Essa dimensão ritualística dos elementos a partir da noção de Odu desafia fortemente as descontinuidades entre os planos objetivo e subjetivo, apresentando continuidades entre evento e essência (Bastide 1973BASTIDE, Roger. (1973), "Le principe d'individuation". La notion de personne en Afrique noire, n° 544, Colloques internationaux du CNRS, Octobre 1971, Paris. ) e propondo específicas composições espaço-temporais. De fato, os acontecimentos primordiais (eventos protótipos) fazem-se presentes numa dimensão espacial e “geográfica”, isto é, eles se encontram virtualmente nas eficácias dos elementos envolvidos nos próprios acontecimentos míticos e, portanto, são sempre, ao mesmo tempo, passados e presentes ou, melhor, atemporais e deslocados nos efeitos latentes das materialidades. Na realidade, como já ressaltado, a noção de destino nos obriga a renunciar a várias das nossas dicotomias habituais (passado/presente, tempo/espaço, evento/essência, etc.).

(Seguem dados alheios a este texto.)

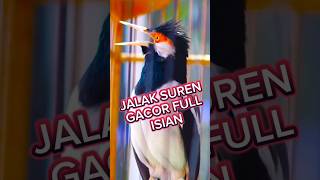 Download lagu jalak suren gacor, #jalak suren gacor mompa, #jalak suren gacor isian mewah,#burung #birds mp3 Download lagu jalak suren gacor, #jalak suren gacor mompa, #jalak suren gacor isian mewah,#burung #birds mp3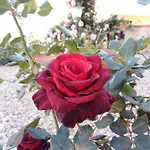 Bed & Breakfast The Roses Garden
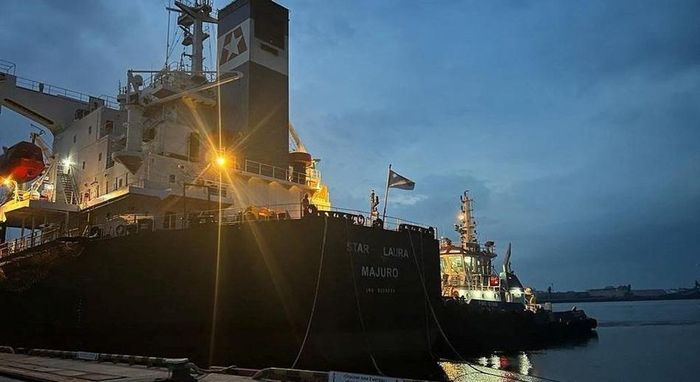 Theo ông, trong số 80 tàu chở ngũ cốc rời Ukraine, chỉ có 2 tàu đến các nước đang phát triển.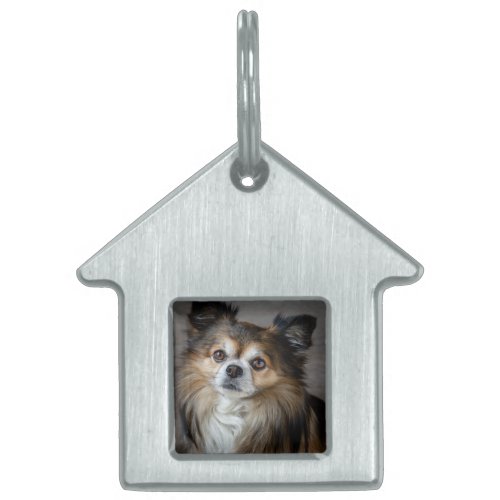 House Pet Tag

Uma ebome, conversando sobre os Odus (signos de destino), comenta assim o mito sobre a viagem infeliz do orixá Oxalá até o reino de Xangô: “Os dezesseis Odus são príncipes e eles têm uma família. Eles são o destino. Os orixás também estão sujeitos ao destino. Vemos isso quando os orixás não têm escutado o adivinho. Oxalá, por exemplo, começou uma viagem memorável para o reino de Xangô: o babalaô (adivinho) lhe tinha advertido que sua viagem seria lamentável” (entrevista com ebome Nancy de Oxalá, 08/2008).

Narrativas como essas mobilizam protótipos de eventos (a viagem malsucedida, neste exemplo) que podem nortear ações. Vale ressaltar que a categoria de Odu é ela mesma paradoxal, se olhada segundo uma perspectiva linear do tempo, pois não somente evoca um passado, mas objetiva um espaço “político”, isto é, regências, já que os signos do destino são concebidos como príncipes primordiais que ocupam e dominam lugares do mundo com as próprias linhagens. A partir da combinação espaço-temporal assim delineada, define-se também uma combinação das exterioridades materiais com as interioridades (intencionalidades e afetos). Pensados como regências personificadas do universo (“eles são os príncipes”, diz a interlocutora), as mensagens associadas aos Odus podem ser consideradas como as “ferramentas” para desvendar agências atrás de eventos. Esse envolvimento no destino compreende, assim, uma cartografia que, embaralhando as distinções entre espaço e tempo, estabelece continuidades entre fatos humanos e acontecimentos naturais, entre poderes pessoais e impessoais.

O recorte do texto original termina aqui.